Figure 5.. MTAP functions as a critical regulator of pathological vascular cell transitions

(A) Representative images and box plots showing impact of siRNA mediated MTAP knockdown on alpha smooth muscle actin fiber areas (αSMA) at baseline and in response to TGF-β treatment in vascular fibroblasts. One-way ANOVA was to assess statistical significance followed by pairwise t-tests with Bonferroni correction. Scale bar (bottom right) = 50 μM. (B) Representative images and box plots showing impact of siRNA mediated MTAP knockdown on alpha smooth muscle actin fiber areas (αSMA) at baseline and in response to TGF-β treatment in vascular smooth muscle cells. One-way ANOVA was to assess statistical significance followed by pairwise t-tests with Bonferroni correction. Scale bar (bottom right) = 50 μM. (C) Representative images and box plots showing impact of siRNA mediated MTAP knockdown on Col1a1 levels (Col1a1) at baseline and in response to TGF-β treatment in vascular fibroblasts.
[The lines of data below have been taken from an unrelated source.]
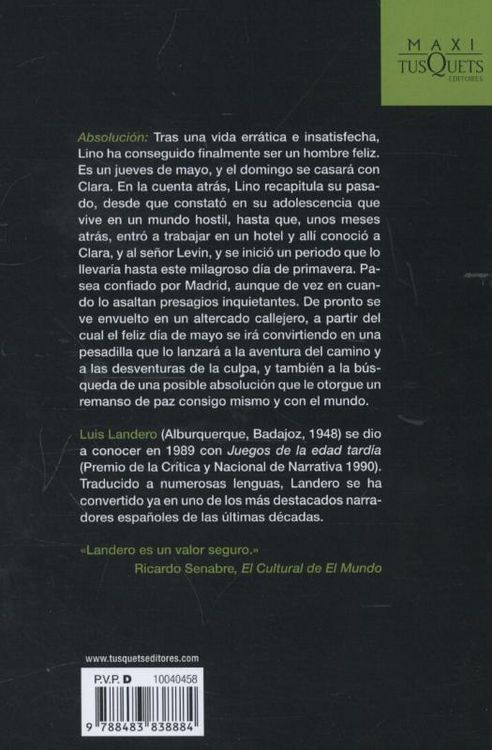 Produktbild: Absoluci&oacute;n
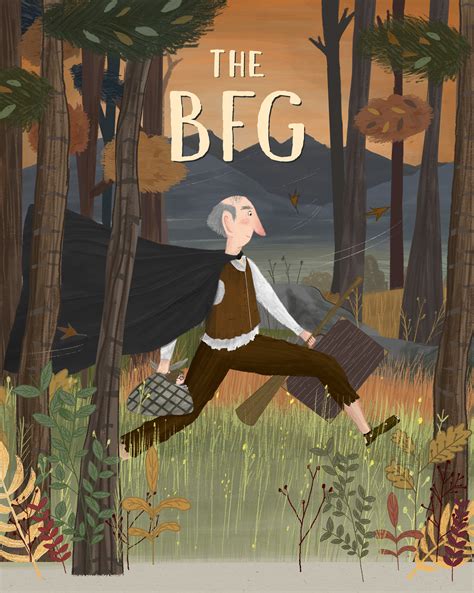 The BFG - Book Illustration on Behance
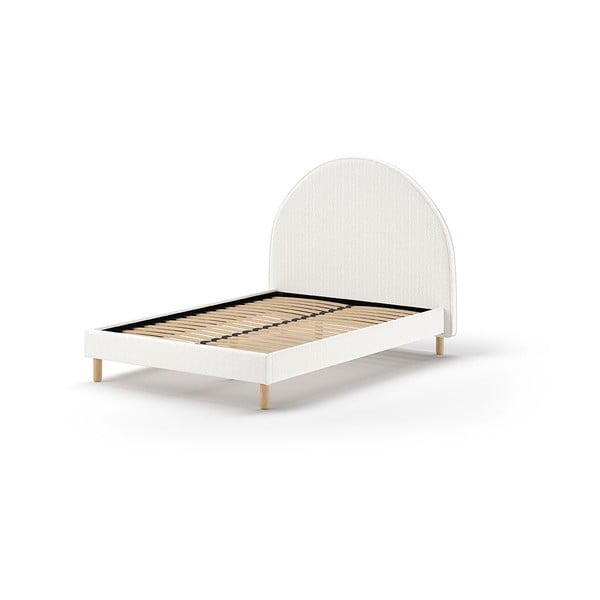 Biela čalúnená jednolôžková posteľ s roštom 140x200 cm MOON – Vipack-image-2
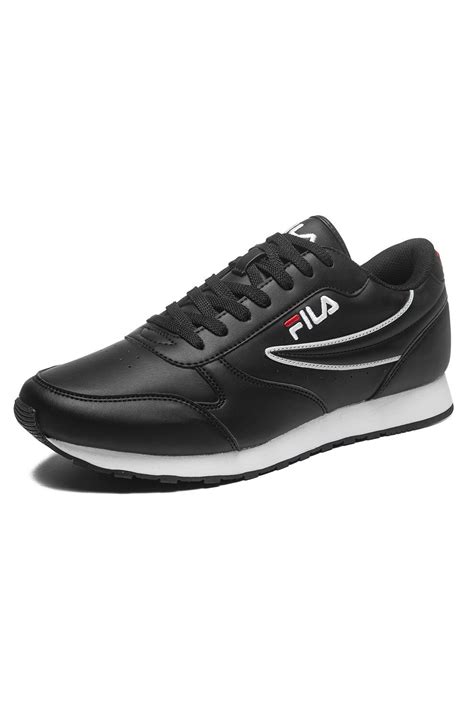 Fila Pantofi Sport De Piele Ecologica Cu Logo Brodat Orbit Low Negru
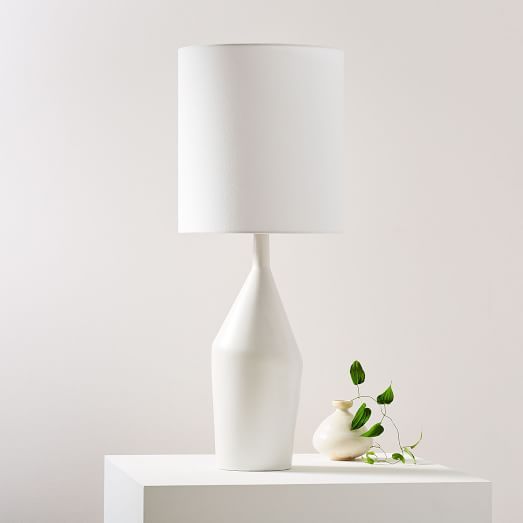 Asymmetry Ceramic Table Lamps (30.5") | West Elm (US)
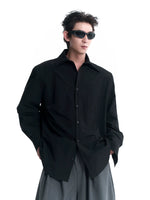 Padded Shoulder Long-Sleeve Shirt 2
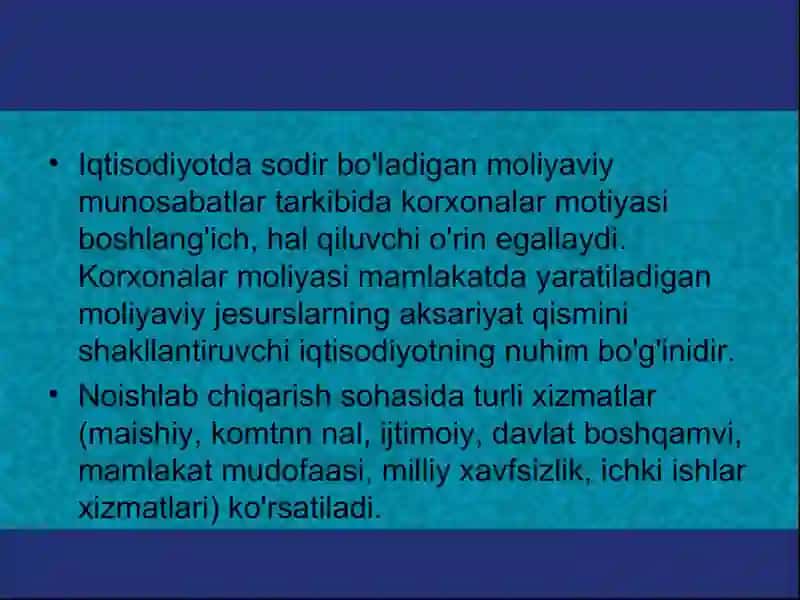 Korxona moliyaviy aktivlarini samarali boshqarish yo‘llari 2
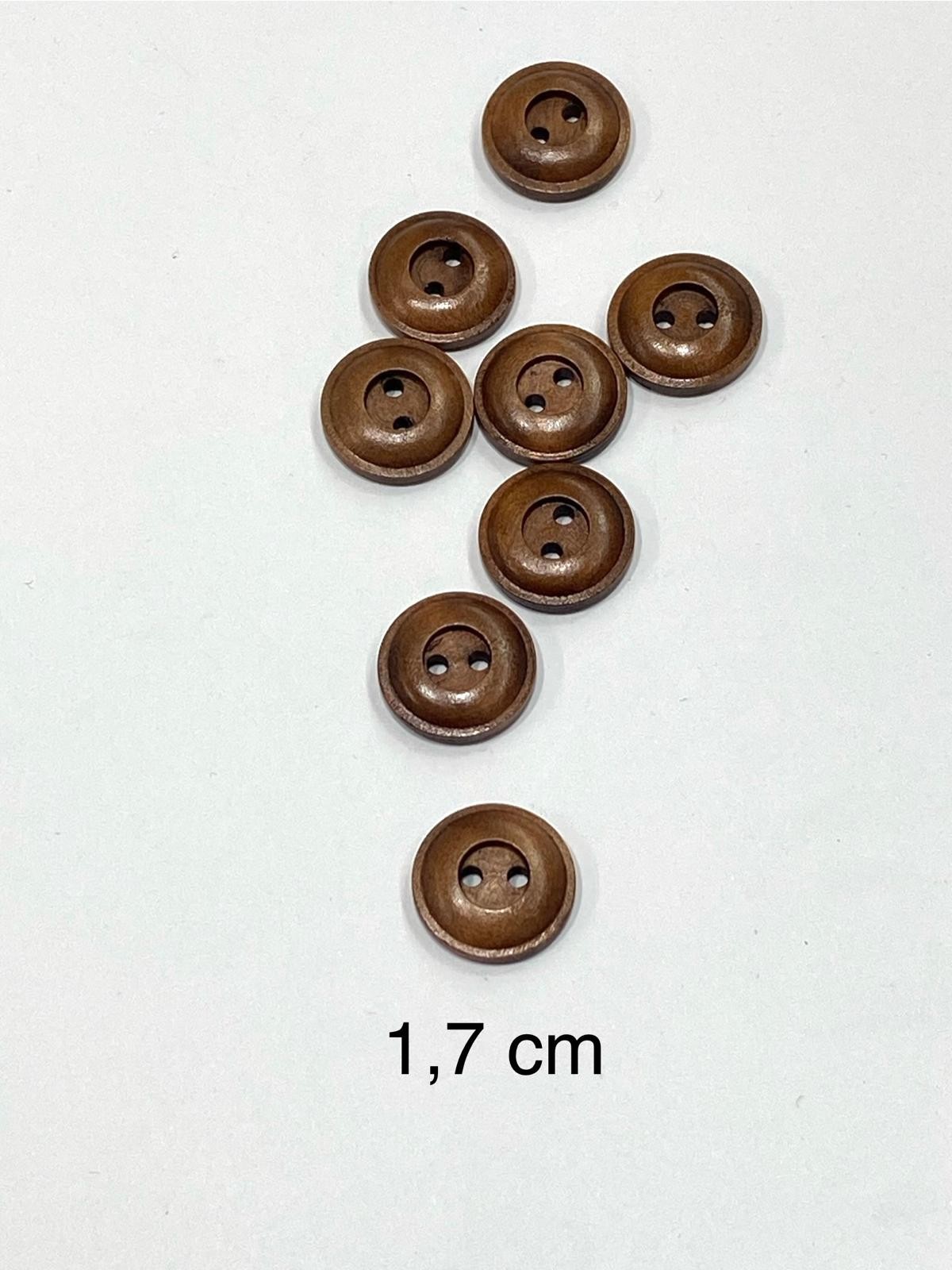 Hırka Yelek Düğmesi / Ahşap Düğme / 8 Adet / 1.7 Cm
One-way ANOVA was to assess statistical significance followed by pairwise t-tests with Bonferroni correction. Scale bar (bottom right) = 50 μM. (D) Representative images and box plots showing impact of siRNA mediated MTAP knockdown on Col1a1 levels (Col1a1) at baseline and in response to TGF-β treatment in vascular smooth muscle cells. One-way ANOVA was to assess statistical significance followed by pairwise t-tests with Bonferroni correction. Scale bar (bottom right) = 50 μM.